SELECTION and TRAINING SESSION

An edge assignment compatible with a fixed vertex assignment will be referred to as a solution relative to that vertex assignment. A solution relative to the all-zero vertex assignment will be referred to as a fundamental solution; the all-zero edge assignment is a fundamental solution.

Fix a vertex assignment and fix a solution (if any). Componentwise subtraction modulo $n$ of the fixed solution from a solution provides a fundamental solution. Conversely, componentwise addition modulo $n$ of the fixed solution to a fundamental solution provides a solution. The two solution assignments are clearly inverse to one another, so the number of solutions is either zero or equal to the number of fundamental solutions. Consequently, it is sufficient to prove the conclusion for the number $N$ of fundamental solutions.

To this end, induct on the number of edges. The base case is clear: A graph with a single edge has a single fundamental solution, namely, the all zero edge assignment.

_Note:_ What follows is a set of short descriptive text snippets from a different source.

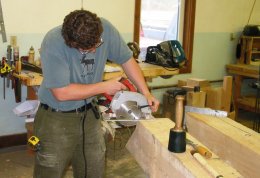 Cutting a Detailed Joint With a Small Saw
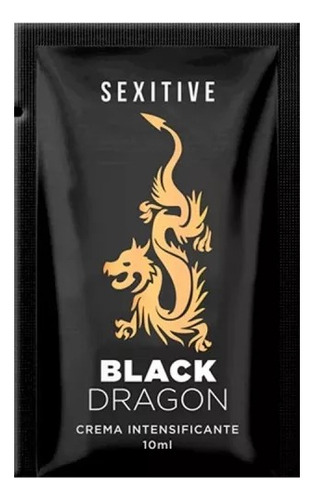 Lubricante Pouch Crema Intensificante Black Dragon 10ml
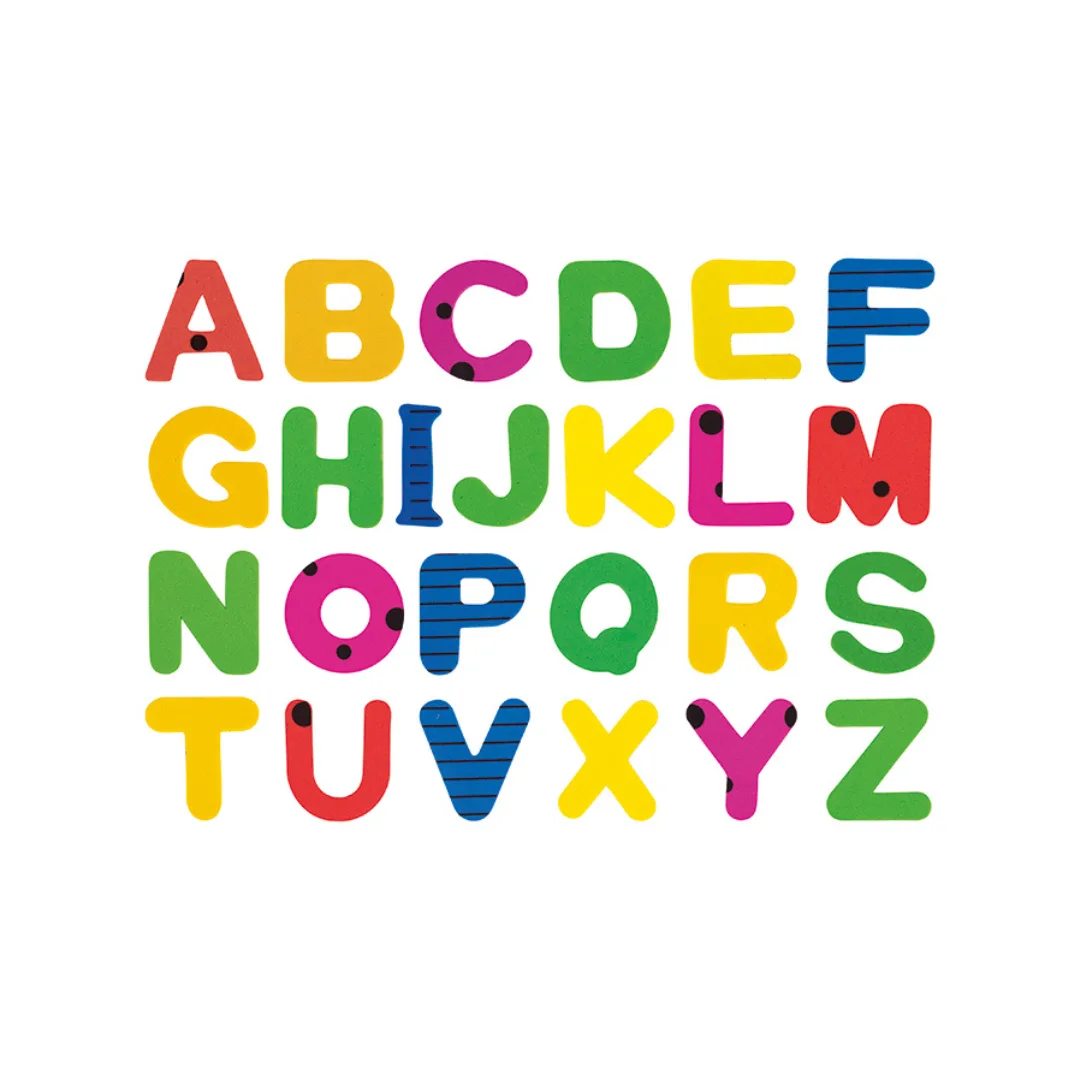 Letras Adhesivas de Goma Eva - 100 unidades 2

For the induction step, consider a graph $G$ with at least two edges. Fix an edge $e$ of $G$ and let $G^{\prime }=G-e$; clearly, $G^{\prime }$ has at least one edge. For each $k$ in the range $0$ through $n-1$, let $S_k$ be the set of fundamental solutions for $G$ assigning $k$ to $e$, and let $T_k$ be the set of solutions for $G^{\prime }$ relative to the vertex assignment sending both end points of $e$ to $n-k$ and all other vertices to zero.

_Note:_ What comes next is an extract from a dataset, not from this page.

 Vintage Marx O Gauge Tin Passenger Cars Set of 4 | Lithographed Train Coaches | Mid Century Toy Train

Changing only the $e$-component of a solution in $S_k$ to zero, and changing the vertex assignment only at the end points of $e$ by sending them both to $n-k$, enable removal of $e$ from $G$ to provide a bijection from $S_k$ to $T_k$. Since the size of each non-empty $T_k$ is equal to the number $N^{\prime }$ of fundamental solutions for $G^{\prime }$, so is the size of each non-empty $S_k$. Consequently, $N=m{N}^{\prime }$, where $m$ is the number of non-empty sets $S_k$; incidentally, $m\ge 1$, since $S_0$ is non-empty — it contains the all zero edge assignment. Finally, the prime divisors of $m$ do not exceed $n$, since $m\le n$; and the prime divisors of $N^{\prime }$ do not exceed $n$, by the induction hypothesis. Consequently, the prime divisors of $N=m{N}^{\prime }$ do not exceed $n$ either. This completes the induction step and concludes the proof.